L’hypothèse d’une contamination par un enchainement de ce genre me semble donc assez plausible dans cette affaire. D’autant qu’on observe un silence absolu dans les medias sur les raisons possibles de cette mystérieuse contamination. Et pourquoi l’Espagne ? Coup de pas-de-bol. Ca aurait pu tomber sur n’importe quel autre pays. Mais l’Espagne, pays de la déréglementation agro-industrielle, de l’ouverture aux OGM, héritière du gouvernement Aznar, était un excellent candidat.

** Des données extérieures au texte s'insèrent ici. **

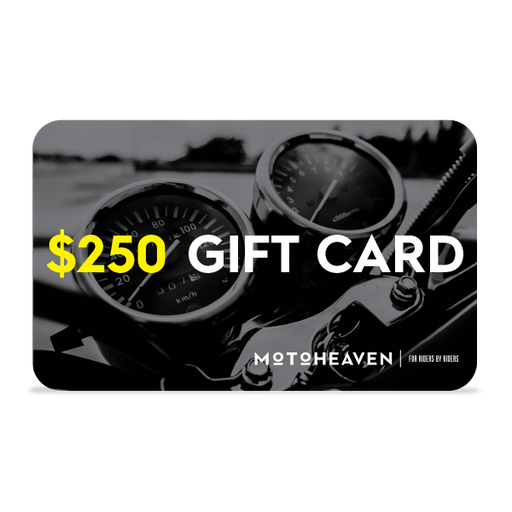 MotoHeaven Gift Voucher $250 - MotoHeaven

Des enquêtes sont certainement en cours. Je pense qu’on n’en entendra pas beaucoup parler, surtout si les résultats confirment une origine se rapprochant de cette hypothèse. On nous présentera LE responsable si on le trouve (les mauvais agriculteurs ou les vétérinaires laxistes dans leurs contrôles), on fera sauter quelques têtes, on organisera des comités de surveillance aux frontières ou une commission d’enquête à Bruxelles, on évitera d’aborder le fond du problème, on ne changera pas le système.
Bon appétit !
PS : Donnée importante entendue ce matin à France-infos : cette bactérie E-coli est 1/ d’une espèce très rare 2/ elle est mutante, et 3/ elle est résistante aux antibiotiques. C’est précisément ce profil qui peut la faire suspecter de provenir d’une source médicale, donc du milieu hospitalier, haut lieu de culture involontaire de germes mutants et résistants.